──────── SUPPLIED ENTRIES

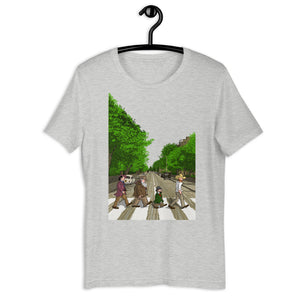 The Fancy Gang In Abbey Road (Unisex T-Shirt)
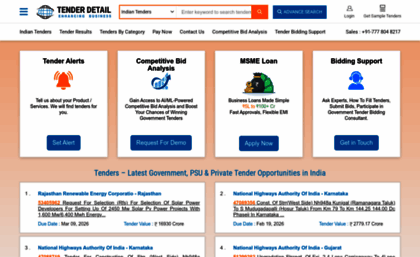 tenderdetail.com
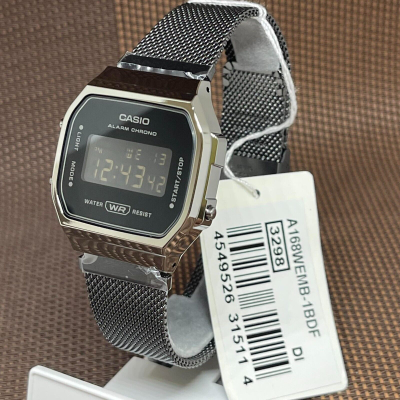 Часы Casio A168WEMB-1B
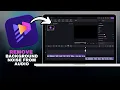 Download Lagu How to REMOVE Background Noise from Audio in HitPaw Edimakor in SECONDS!
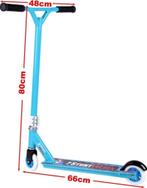 Stuntstep Stuntworx blauw, Fietsen en Brommers, Steps, Zum Wiesenhof 84 , 66663 Merzig, Duitsland, Nieuw, Ophalen of Verzenden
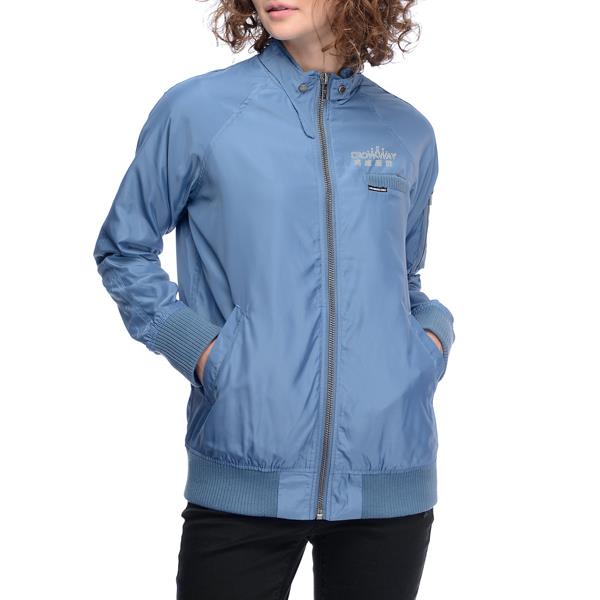 Women Nylon Bomber Jacket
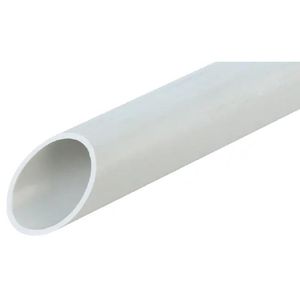 Fränkische Leerrohr FPKu-EM-F20, ungeschlitzt, M20, Ø20 mm, Stangenrohr, Druckfestigkeit 750N/5cm, 2m, 20 Stk
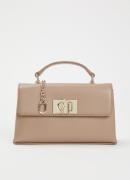 FURLA Mini handtas van leer met afneembare schouderriem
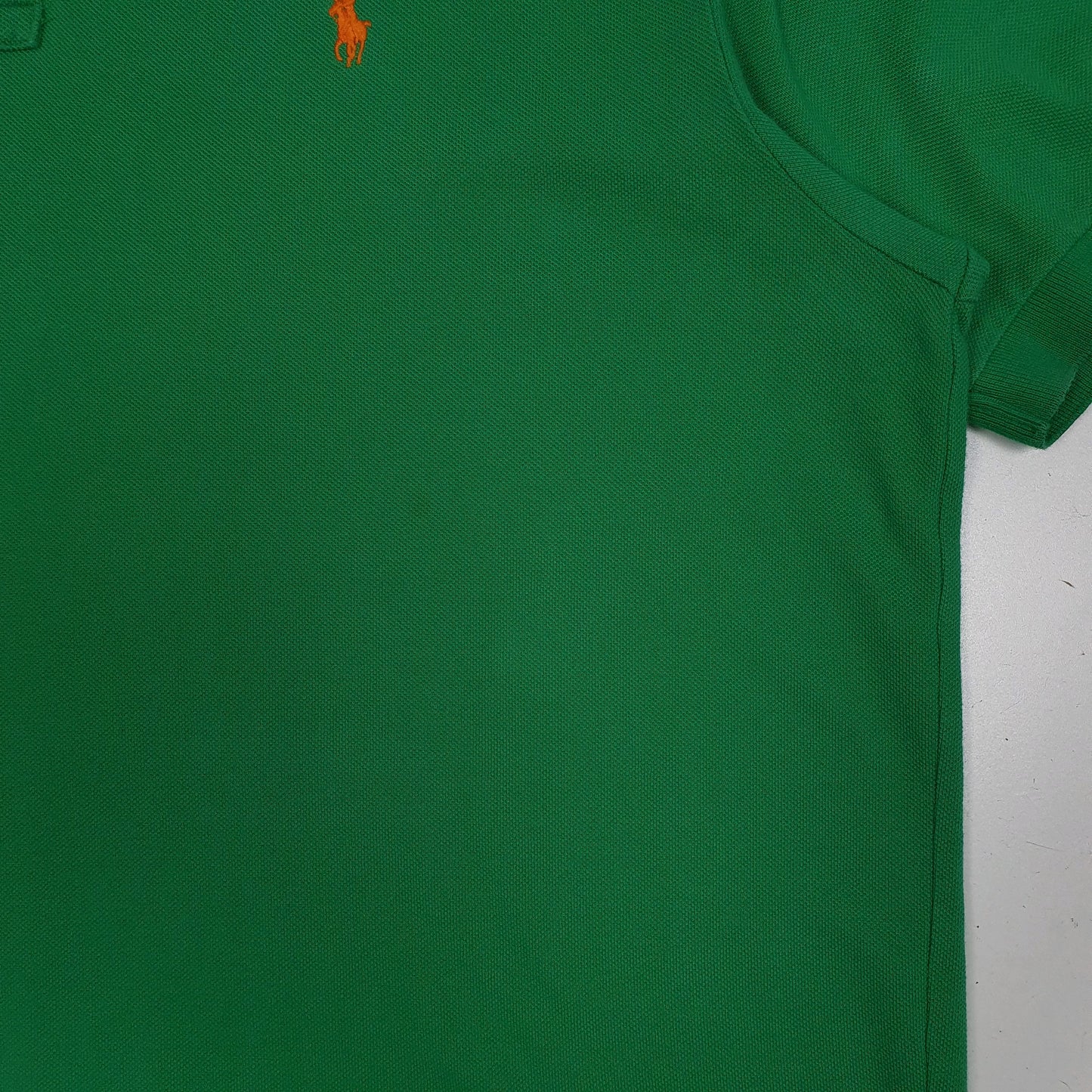 Mens Green Polo Ralph Lauren   Polo Shirt
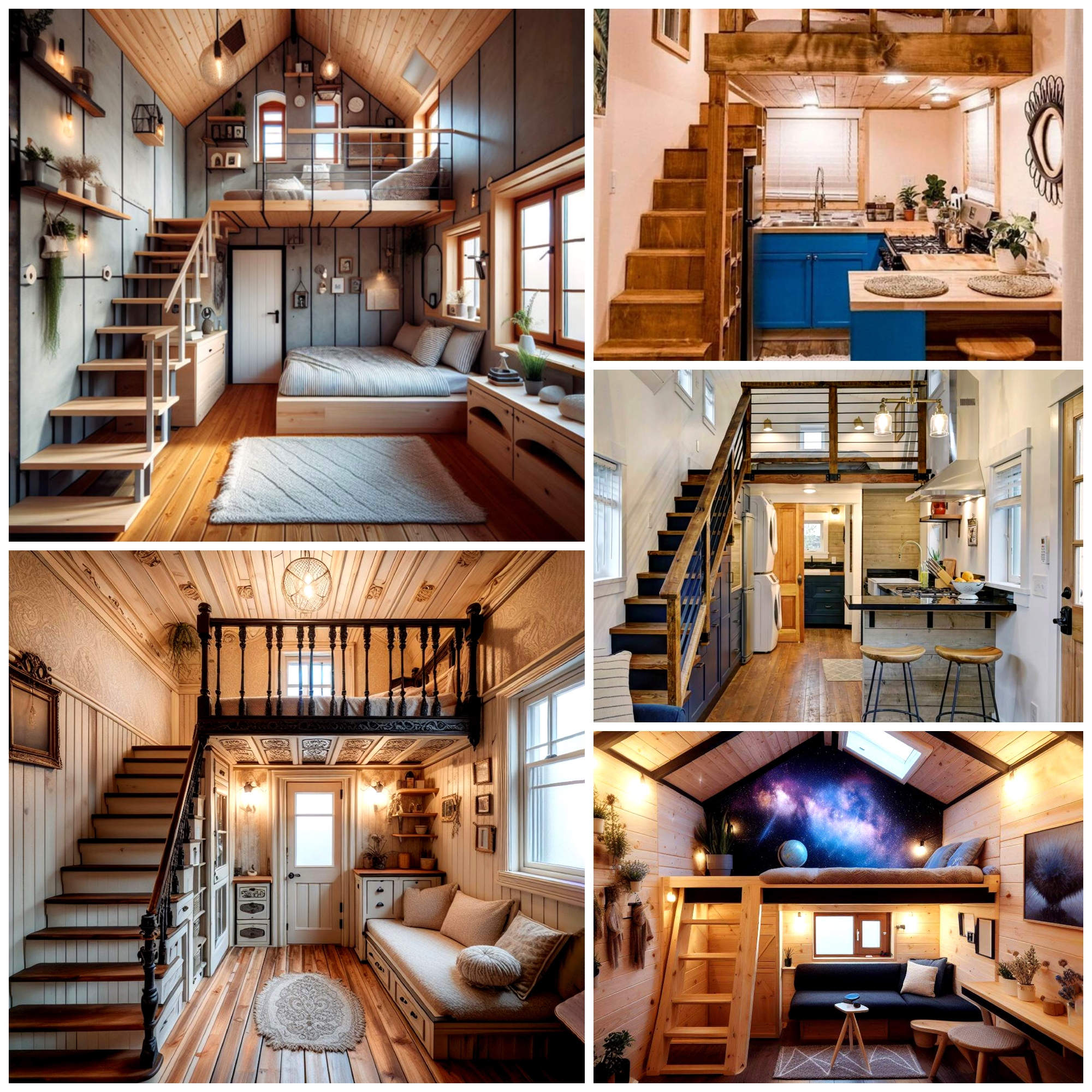 Beautiful Tiny House Interior Design Ideas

────────────────

Every line from the one containing "Fränkische Leerrohr FPKu-EM-F20, ungeschlitzt, M20, Ø20" through the end of the entries above, both included, should be extracted exactly, with pictures left out.

SOLUTION TO THIS PROBLEM:
 Fränkische Leerrohr FPKu-EM-F20, ungeschlitzt, M20, Ø20 mm, Stangenrohr, Druckfestigkeit 750N/5cm, 2m, 20 Stk
 FURLA Mini handtas van leer met afneembare schouderriem
 Mens Green Polo Ralph Lauren   Polo Shirt
 Beautiful Tiny House Interior Design Ideas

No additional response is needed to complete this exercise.